In 2007, Smart Growth Vermont was selected by the Cornwall Planning Commission to help with the development of village-specific zoning standards for Cornwall Village.  The process began with the creation, distribution and analysis of a Village landowner survey to help the Commission understand community concerns and priorities.  Responses emphasized maintaining the rural scale and historic character of the village while accommodating higher housing densities in and around the village than in the rural areas of the community. 

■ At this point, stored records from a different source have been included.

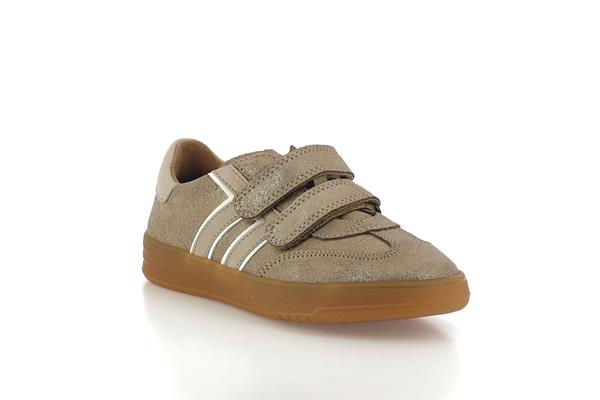 lou hydro  7 gold - Photo 1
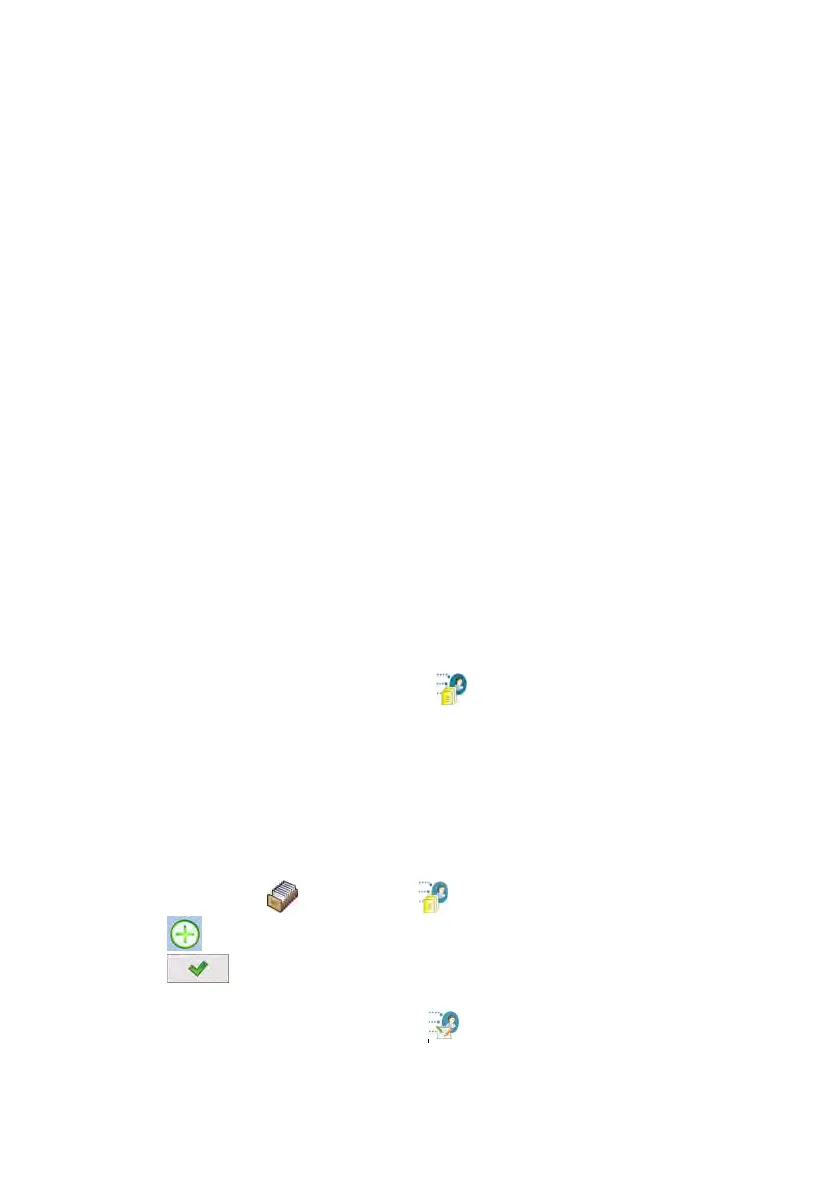 Page #241 background image
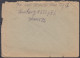 Delcampe - ⁕ Germany, Deutsches Reich 1940 - 1942 WWII ⁕ FELDPOST - MILITARY MAIL ⁕ 5v Old Cover (some With Letters) - See Scan - Feldpost 2e Guerre Mondiale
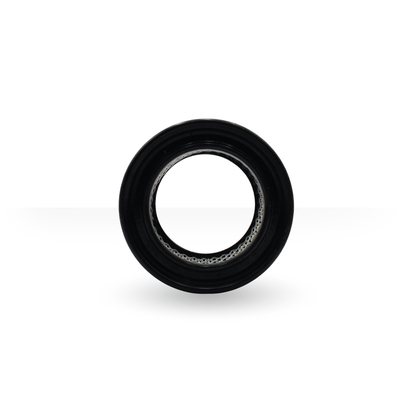 2250042-916 Filtro de Aire Compatible con Sullair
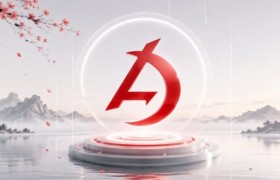 真正留下来的，从来不是短期投机者，而是长期建设者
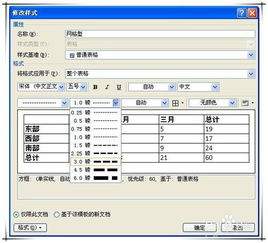 VB如何设置全局字体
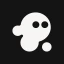 invideo AI: AI Video Generator icon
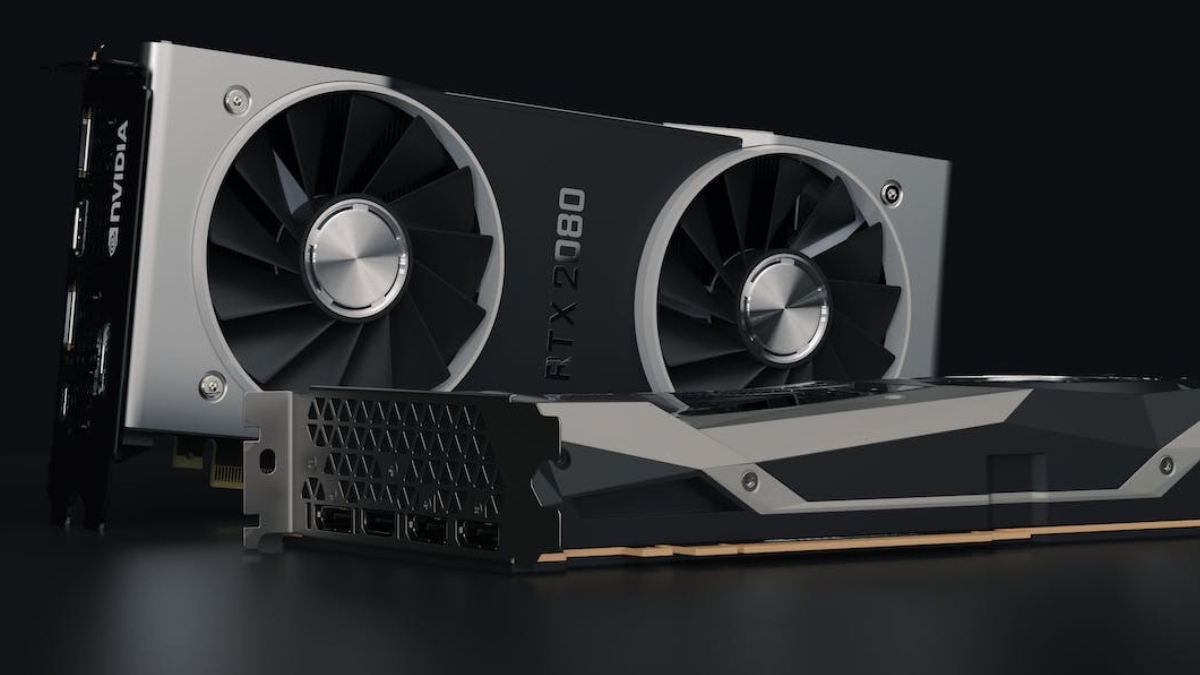 ekran-karti-degistirme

Based on survey results and land use analysis that Smart Growth Vermont conducted together with the Addison County Regional Planning Commission, we then drafted village zoning standards and associated review criteria that facilitate the kind of development the community said it wanted.  The Cornwall Select Board ultimately approved revisions to the town's zoning that reflects the historic scale and pattern of development in the village.

 

READING

In 2007 and 2008, Smart Growth Vermont wiorked in partnership with the Vermont Natural Resources Council (VNRC) and the Southern Windsor Regional Planning Commission to develop policies and implementation measures for the Town of Reading that address the ongoing fragmentation of productive forest land.  This project was partly an outgrowth of VNRC’s statewide forest fragmentation initiative, with Smart Growth Vermont providing its expertise in land use planning and development regulation. In March 2008, Smart Growth Vermont staff presented their technical review of the Town’s Plan and zoning bylaws, together with options for strengthening those documents and establishing non-regulatory tools to support ongoing forest management.

 

WAITSFIELD

In 2007, Smart Growth Vermont was asked by the Town of Waitsfield to assist with its effort to achieve growth center designation for Waitsfield Village and the adjacent Irasville Village Center.  Irasville was designated the Town’s growth center in the Town Plan in the mid-1970s and has been the focus of most of the town’s mixed-use development since that time.  We advised the Planning Commission and the Town’s consultant, PlaceSense, on a number of policy issues related to effective growth center planning.  We also helped to coordinate the designation process, asisting with the submission of a preliminary application for growth center designation to the State Planning and Coordination Group (PCG). The application, which would designate a growth center of slightly over 300 acres, including the historic Waitsfield Village, was described by the PCG as the best written and most complete application submitted to date.